Pour Françoise Grossetête, "la politique industrielle doit articuler les politiques et instruments communautaires en faveur de la compétitivité de l’industrie, et combiner les dimensions transversales et verticales. Cette politique doit se fonder sur des projets concrets apportant des bénéfices tangibles à nos entreprises et citoyens, comme par exemple les projets GMES, GALILEO ou ITER".

"Le succès d’une stratégie européenne en faveur de l’industrie et de l’innovation passe inévitablement par une amélioration de la législation en faveur des PME, sans oublier les secteurs les plus traditionnels.

L’UE doit par ailleurs défendre ses intérêts stratégiques et ses valeurs avec plus d’assurance. Je salue donc le vote d’aujourd’hui pour l’application d’un principe de réciprocité dans les échanges commerciaux entre l’Union européenne et les pays-tiers", a insisté la députée européenne.

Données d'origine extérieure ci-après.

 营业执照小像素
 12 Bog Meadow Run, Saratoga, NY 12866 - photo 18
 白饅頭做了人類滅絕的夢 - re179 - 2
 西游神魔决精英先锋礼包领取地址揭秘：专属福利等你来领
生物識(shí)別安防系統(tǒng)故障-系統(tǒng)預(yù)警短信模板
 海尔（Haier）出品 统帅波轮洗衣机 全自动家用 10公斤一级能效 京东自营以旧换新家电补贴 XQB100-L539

"Je me félicite enfin qu’une grande majorité du Parlement européen ait soutenu ma proposition de mettre en place un mécanisme d’inclusion carbone aux frontières de l’Union européenne dans le respect des règles de l’OMC. Un tel mécanisme permettrait de mettre les produits des pays tiers exportés vers l’UE sur un pied d’égalité avec les produits européens soumis à des règles environnementales strictes, permettant ainsi d’éviter les délocalisations de bon nombre de secteurs industriels en dehors de l’Union européenne", a déclaré Françoise Grossetête en conclusion.

28/01/2011
Un premier pas en faveur de l’industrie européenne

Françoise Grossetête, rapporteur pour le groupe du Parti Populaire Européen sur "la politique industrielle à l’ère de la mondialisation", se félicite de l’adoption de ce texte à l’unanimité, aujourd’hui en commission de l’industrie, de la recherche et de l’énergie du Parlement européen.

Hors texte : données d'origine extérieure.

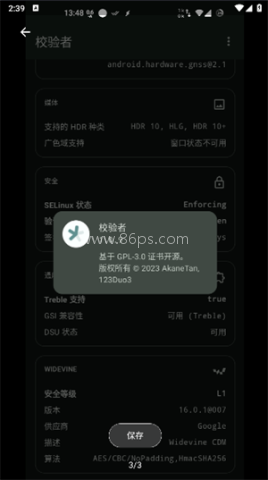 校验者 第1张图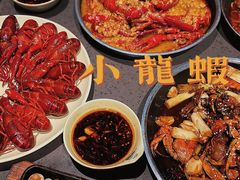 -一棠龙虾•王牌虾球(楚河汉街店)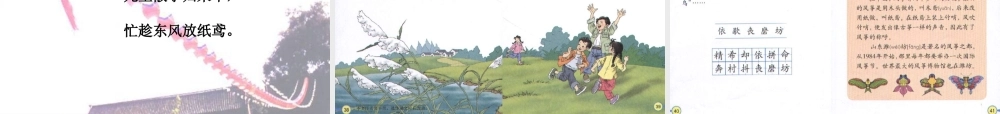 三年级语文上册 第三组 10《风筝》课堂教学课件2 新人教版-新人教版小学三年级上册语文课件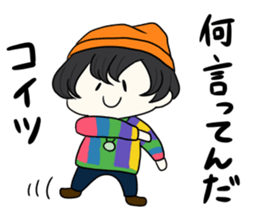 TARO-SAN sticker #12783510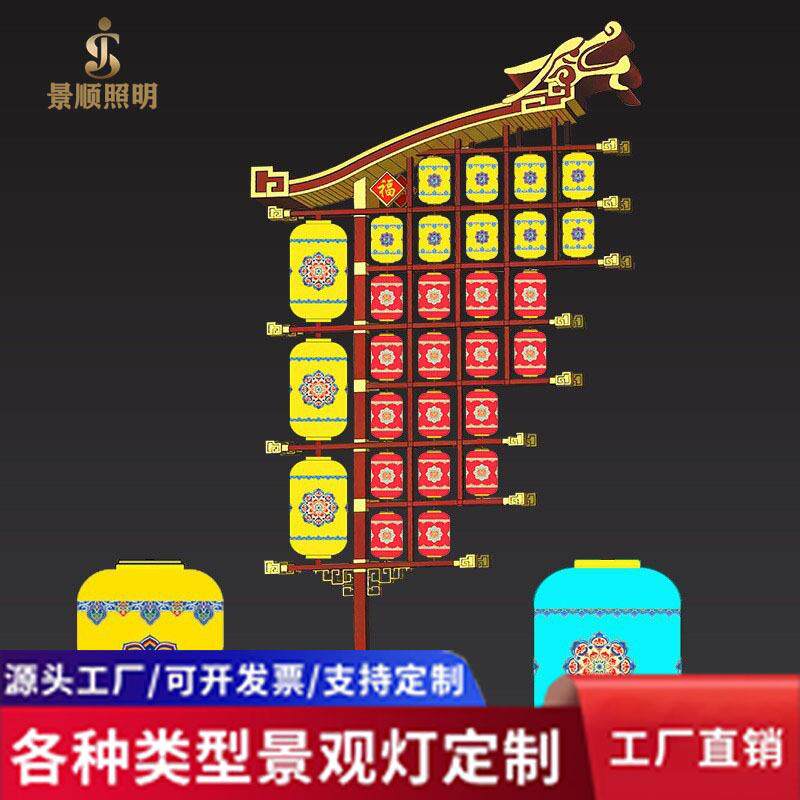 不夜城灯杆灯笼文旅景区亮化防水国潮宫灯不夜城灯笼pe防水不褪色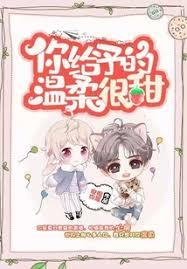小闊愛她甜軟可口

Ce rapport comble un certain nombre des lacunes de la communication de la Commission européenne du mois de novembre 2010. Les députés membres de la commission parlementaire ont voté en faveur du principe de réciprocité dans les échanges commerciaux entre l’Union européenne et les pays-tiers. Ils ont également adopté l’un des amendements de Françoise Grossetête relatif à la possibilité de mettre en place un mécanisme d’inclusion carbone aux frontières de l’Union européenne dans le respect des règles de l’OMC. "Un tel mécanisme permettrait de mettre les produits des pays tiers exportés vers l’UE sur un pied d’égalité avec les produits européens soumis à des règles environnementales strictes", a souligné Françoise Grossetête.

"Beaucoup de secteurs industriels européens sont véritablement exposés à des fuites de carbone vers les pays tiers dans le cadre de la règlementation sur le système communautaire d’échange de quotas d’émissions créée pour réduire les émissions de gaz à effet de serre. Le mécanisme d’inclusion carbone serait un des outils permettant d’éviter les délocalisations de bon nombre de secteurs industriels en dehors de l’Union européenne" a déclaré la députée européenne en conclusion.